Data are shown as mean±standard deviation or number (%).

There were no significant complications, such as infection or hematoma, that required reoperation. We evaluated the GCS scores on the day of cranioplasty, 1 month postoperatively, and 6months postoperatively after cranioplasty. Cosmetic outcomes were also evaluated 1 month and 6months postoperatively. Cosmetic outcomes were evaluated on a scale of 1 to 10, with scores 8–10 indicating “very satisfactory,” 5–7 “partially satisfactory,” and 1–4 “unsatisfactory” outcomes by asking patients or care givers to answer the questionnaire (TABLE 2). There were no significant differences between the preoperative and postoperative GCS scores. The muscle reconstruction method had no significant influence on the GCS score. Seventy five percent of patients reported “very satisfactory” cosmetic outcomes 6 months after cranioplasy surgery. FIGURE 1 shows one of the patient's preoperative and postoperative axial CT scans.

TABLE 2. Clinical and cosmetic outcomes.

Clinical outcomes One piece (n=13) Two piece (n=27) Total (n=40) p-value
GCS score
Operation day 0.710
11 1 (7.7) 3 (11.1) 4 (10.0)
12 2 (15.4) 2 (7.4) 4 (10.0)
15 10 (76.9) 22 (81.5) 32 (80.0)
One month after operation 0.252
11 0 (0.0) 2 (7.4) 2 (5.0)
12 3 (23.1) 2 (7.4) 5 (12.5)
15 10 (76.9 23 (85.2) 33 (82.5)
Six month after operation 1.000
12 2 (15.4) 3 (11.1) 5 (12.5)
15 11 (84.6) 24 (88.9) 35 (87.5)
Cosmetic satisfaction
One month after operation 0.985
6 1 (7.7) 2 (7.4) 3 (7.5)
7 2 (15.4) 5 (18.5) 7 (17.5)
8 4 (30.8) 9 (33.3) 13 (32.5)
9 4 (30.8) 6 (22.2) 10 (25.0)
10 2 (15.4) 5 (18.5) 7 (17.5)
Six months after operation 0.965
6 1 (7.7) 4 (14.8) 5 (12.5)
7 2 (15.4) 3 (11.1) 5 (12.5)
8 2 (15.4) 4 (14.8) 6 (15.0)
9 5 (38.5) 9 (33.3) 14 (35.0)
10 3 (23.1) 7 (25.9) 10 (25.0)

Values are presented as number (%).

GCS: Glasgow Coma Scale.

FIGURE 1. Axial computed tomography scans of patient (A) preoperative, (B) 6 months after cranioplasty.

FIGURE 1

The mean volume of flap was 596.03 cm3 (standard deviation [SD], 108.69 cm3); the minimum size was 361.2 cm3 (DSC, 0.92) and maximum was 842.1 cm3 (DSC, 0.86). The mean value of the DSC was 0.75, which indicates high similarity between the implanted model and the ideal model (SUPPLEMENTARY TABLE 2). In 2 patients who underwent bilateral reconstruction, it was not feasible to compare the results because of the small sample size and the lack of an ideal image. Stieglitz et al.12) showed that the average intraoperatively fabricated DSC of PMMA was 0.66 (SD, 0.12). The DSC value in our study showed higher volumetric symmetry than that of the PMMA PSIs in their study. DSC was calculated as follows:

DSC={2×(A∩B)}/(A+B) (1)
(A, reference, mirror model based on the normal site; B, post explanation of implant)

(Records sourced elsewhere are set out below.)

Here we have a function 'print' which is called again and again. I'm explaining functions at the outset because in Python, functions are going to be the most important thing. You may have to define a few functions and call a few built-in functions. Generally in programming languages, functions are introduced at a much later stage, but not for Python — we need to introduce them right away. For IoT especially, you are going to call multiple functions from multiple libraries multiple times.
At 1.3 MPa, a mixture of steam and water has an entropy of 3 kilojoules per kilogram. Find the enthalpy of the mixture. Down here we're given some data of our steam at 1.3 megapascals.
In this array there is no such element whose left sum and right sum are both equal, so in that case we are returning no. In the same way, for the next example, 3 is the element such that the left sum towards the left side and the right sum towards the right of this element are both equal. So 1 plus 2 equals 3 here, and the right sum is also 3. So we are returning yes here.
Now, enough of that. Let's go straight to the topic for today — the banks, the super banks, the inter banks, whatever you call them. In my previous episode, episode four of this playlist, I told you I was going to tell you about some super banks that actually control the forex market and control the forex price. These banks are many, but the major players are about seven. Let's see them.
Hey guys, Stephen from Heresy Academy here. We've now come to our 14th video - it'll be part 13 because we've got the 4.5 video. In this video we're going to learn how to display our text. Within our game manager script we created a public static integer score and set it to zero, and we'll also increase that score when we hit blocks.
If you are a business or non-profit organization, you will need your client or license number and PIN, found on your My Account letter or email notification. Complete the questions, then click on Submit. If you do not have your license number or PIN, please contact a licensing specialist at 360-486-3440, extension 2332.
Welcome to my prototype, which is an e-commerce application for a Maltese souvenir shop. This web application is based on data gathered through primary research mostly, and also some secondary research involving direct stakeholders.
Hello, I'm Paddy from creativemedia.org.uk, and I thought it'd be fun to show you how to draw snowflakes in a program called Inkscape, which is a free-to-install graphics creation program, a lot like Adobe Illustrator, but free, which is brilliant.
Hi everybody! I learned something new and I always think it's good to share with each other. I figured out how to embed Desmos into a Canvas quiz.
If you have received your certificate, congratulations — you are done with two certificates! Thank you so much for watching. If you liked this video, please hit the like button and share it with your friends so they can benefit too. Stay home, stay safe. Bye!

Artifacts generated by titanium implants were evaluated using the signal-to-noise ratio (SNR) and noise. The SNR and noise, which represent mean attenuation and SD in Hounsfield units, were measured at 6 regions of interest (ROIs) near the normal bone and implanted site, respectively. We obtained mean CT attenuation values in Hounsfield units for bilateral muscle and tissue areas near the implant by manually placing ROIs over an area of 1.0 cm2. The SNR was calculated as the value of the ROI divided by the image noise (SD of ROI). Image noise was determined by measuring the SD of the CT numbers in the target ROIs (FIGURE 2).

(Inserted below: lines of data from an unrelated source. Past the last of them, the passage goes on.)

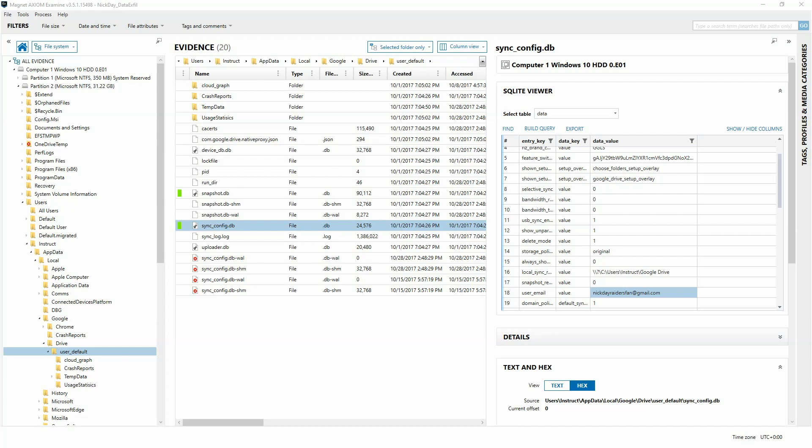Hi everyone. Naveed Aska here for Magnet Forensics. Thanks for joining me again for part two of Going Beyond the Native Artifacts of Axiom and digging deeper for evidence using Axiom's built-in functionality. In part one, we were investigating an employee who was exfilling data via his Google Docs account using his folder Autosync.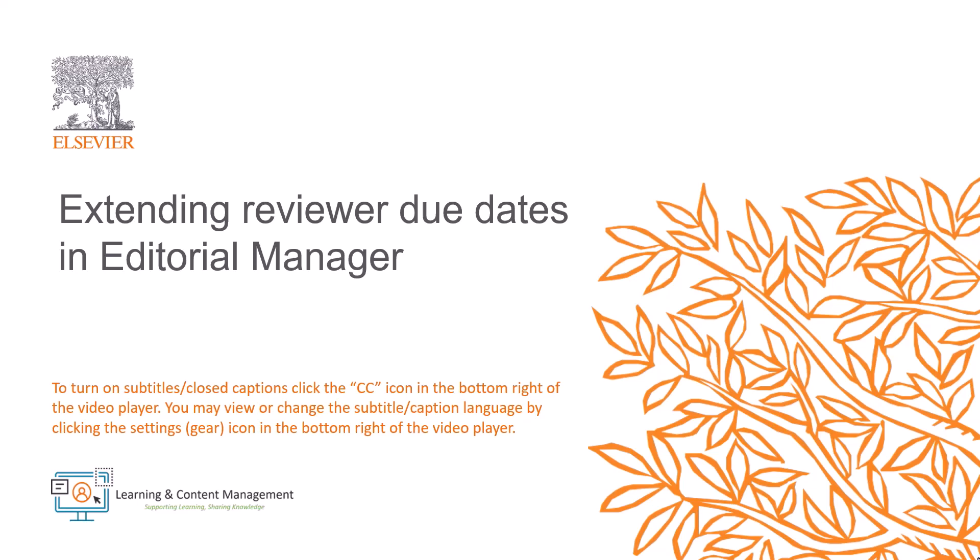In this video, I will explain how editors with appropriate permissions can update or extend reviewer due dates in Editorial Manager.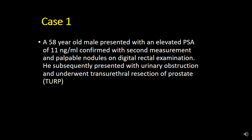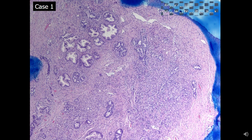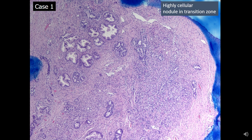This case was from a 58-year-old male who presented with an elevated PSA of 11 nanogram per ml and palpable nodules on digital rectal examination. He subsequently presented with urinary obstruction and underwent transurethral resection of prostate. In this TURP specimen we are seeing multiple cellular nodules.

FIGURE 2. Placing region of interest area (medial, middle, and lateral) from the normal bone or implant.

FIGURE 2

SNR=μ/σ (2)
(μ, mean gray value of ROI; σ, SD of the ROI's gray value)

The noise was 13.89% higher in the ROI near the implant site (average, 7.64 hounsfield unit±2.62) than in that near the normal bone (average, 6.72±2.35). However, the image SNR did not significantly differ between the ROI near the implant site (4.77±1.78) and that near the normal bone (4.97±1.88) (FIGURE 3).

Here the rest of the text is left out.